China’s Chairman of Everything-for-Life Xi Jinping does not warmly encourage challenging debate about his government’s policies. But in recent months, a few dissenting voices – economists, a former official, Deng Xiaoping’s son – have been making themselves heard.
The latest, a state think-tank guy, uses suitably tactful language but echoes the basic complaint: Xi’s domestic centralization, overseas assertiveness and fundamental counter-reformism is against China’s interests. The Leninist instinct threatens economic stagnation at home and hostility abroad.
Xi, who may be a greater (and more slickly packaged) fantasist than Trump, meanwhile claims it’s the rest of the world that is at a crossroads.
This leaves the International Society of Panda-hugging Shoe-shiners looking increasingly dated. Take the Davos chapter: a recent World Bank paper on Belt and Road provokes mirth as a gratuitous grovel-fest (quick and snarky summary here).
The backlash is getting to the point where we must seriously consider boycotting Putonghua.
A few mid-week links. David Webb has a go at Hong Kong’s Companies Registry, which is making gargantuan monopoly profits from selling access to what should be freely available public records and, in so doing, facilitating fraud and money-laundering – a confluence of outcomes that you may consider a bizarre and unfortunate coincidence, or not (I couldn’t possibly comment).
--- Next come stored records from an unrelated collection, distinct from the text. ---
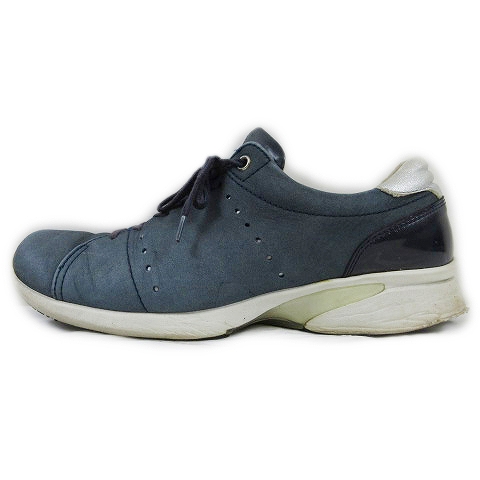 アシックス asics ペダラ pedala コンフォート シューズ ウォーキング 純正/新品 シルバー EE 23.5cm アシックスウォーキング pedala その他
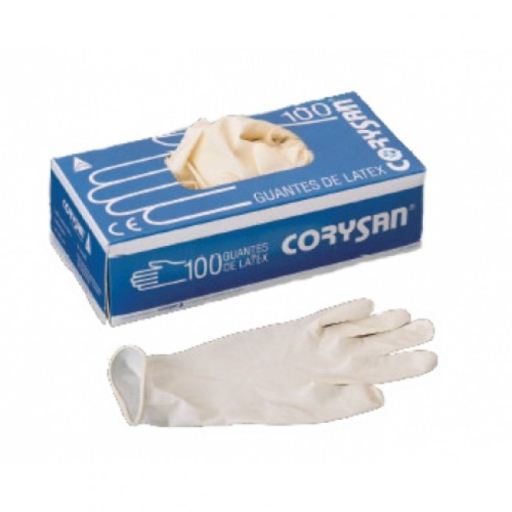 Latex Glove 100 U Gde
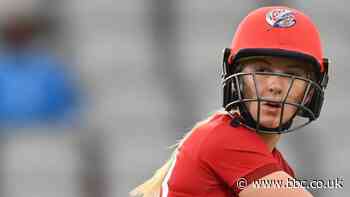 Charlotte Edwards Cup: Thunder beat Sunrisers as Liberty Heap stars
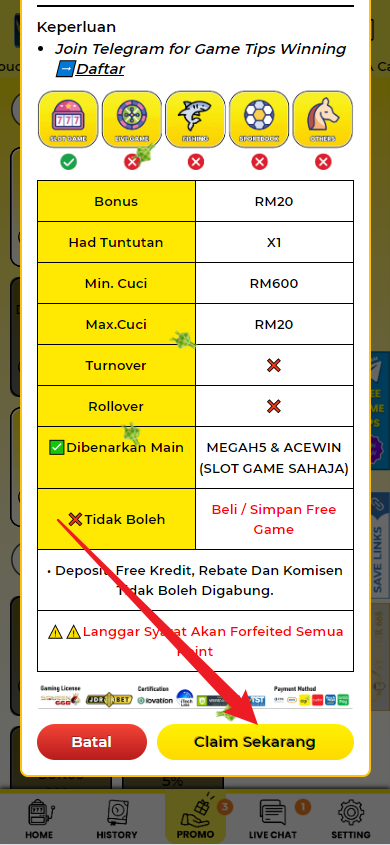 Step 3 - Register at JDRBET Casino - Part 2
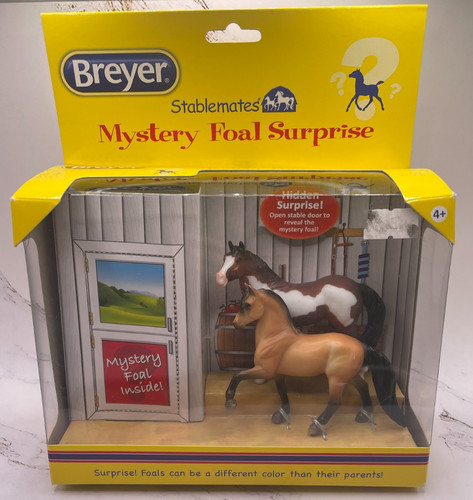 Breyer stablemates mystery - breyer,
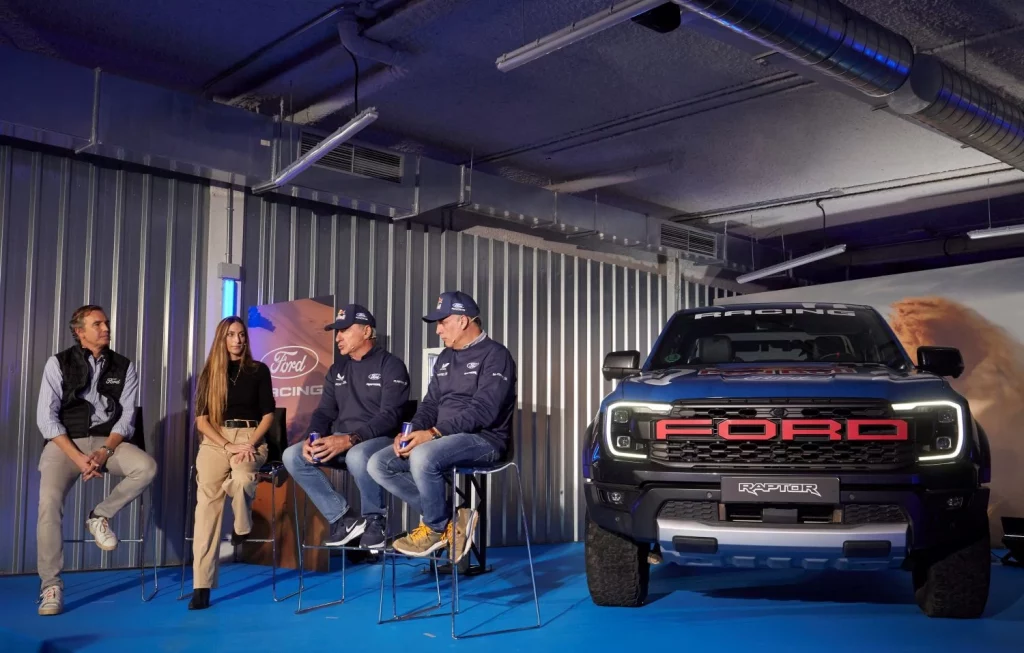 Carlos Sainz afronta el Dakar 2026 con confianza y con la victoria como objetivo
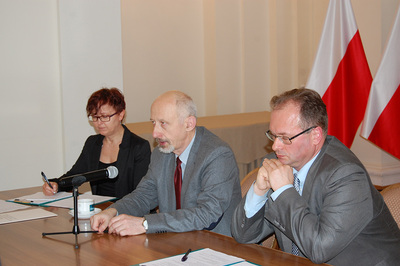 Inauguracyjne posiedzenie Komitetu Ochrony Pamięci Walk i Męczeństwa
And a couple of stateside diversions…
Remember the Hanfu movement, where historical-fantasy cosplay meets racial supremacism? I never realized that fake authentic traditional cultural revivalism also lay behind ye olde square dancing, Henry Ford’s wholesome Anglo-Saxon antidote to the Jewish jazz menace.
And with cryptocurrencies now giving off a stench like rotting tulip bulbs, aficionados of wacky pseudo-investments might like to check out the Donald Trump fans who believe Iraqi dinars will reach parity or more with the dollar, with help from God.